Neuropsychopharmacology ( IF 6.6 ) Pub Date : 2018-07-07 , DOI: 10.1038/s41386-018-0143-4
Mario de la Fuente Revenga ₁ , Daisuke Ibi _{1,

2,

3} , Travis Cuddy ₁ , Rudy Toneatti ₁ , Mitsumasa Kurita _{2,

4} , Maryum K Ijaz ₁ , Michael F Miles _{5,

6} , Jennifer T Wolstenholme _{5,

6} , Javier González-Maeso _{1,

2,

7,

8}

Affiliation

Preclinical findings in rodent models pointed toward activation of metabotropic glutamate 2/3 (mGlu2/3) receptors as a new pharmacological approach to treat psychosis. However, more recent studies failed to show clinical efficacy of mGlu2/3 receptor agonism in schizophrenia patients. We previously proposed that long-term antipsychotic medication restricted the therapeutic effects of these glutamatergic agents. However, little is known about the molecular mechanism underlying the potential repercussion of previous antipsychotic exposure on the therapeutic performance of mGlu2/3 receptor agonists. Here we show that this maladaptive effect of antipsychotic treatment is mediated mostly via histone deacetylase 2 (HDAC2).

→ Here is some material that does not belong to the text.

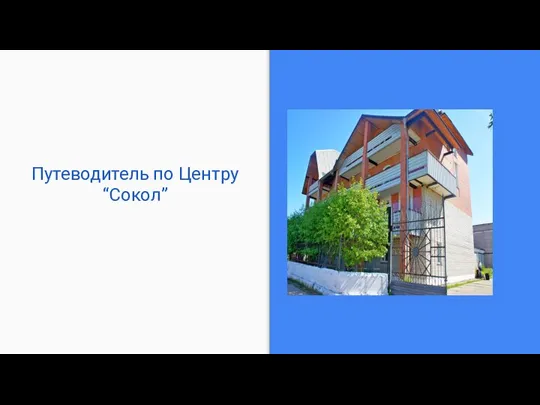 Путеводитель по Центру “Сокол”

Chronic treatment with the antipsychotic clozapine led to a decrease in mouse frontal cortex mGlu2 mRNA, an effect that required expression of both HDAC2 and the serotonin 5-HT2A receptor. This transcriptional alteration occurred in association with HDAC2-dependent repressive histone modifications at the mGlu2 promoter. We found that chronic clozapine treatment decreased via HDAC2 the capabilities of the mGlu2/3 receptor agonist LY379268 to activate G-proteins in the frontal cortex of mice. Chronic clozapine treatment blunted the antipsychotic-related behavioral effects of LY379268, an effect that was not observed in HDAC2 knockout mice. More importantly, co-administration of the class I and II HDAC inhibitor SAHA (vorinostat) preserved the antipsychotic profile of LY379268 and frontal cortex mGlu2/3 receptor density in wild-type mice. These findings raise concerns on the design of previous clinical studies with mGlu2/3 agonists, providing the rationale for the development of HDAC2 inhibitors as a new epigenetic-based approach to improve the currently limited response to treatment with glutamatergic antipsychotics.

中文翻译：

慢性氯氮平治疗通过 HDAC2 抑制 mGlu2 受体激动剂在抗精神病活性啮齿动物模型中的表现。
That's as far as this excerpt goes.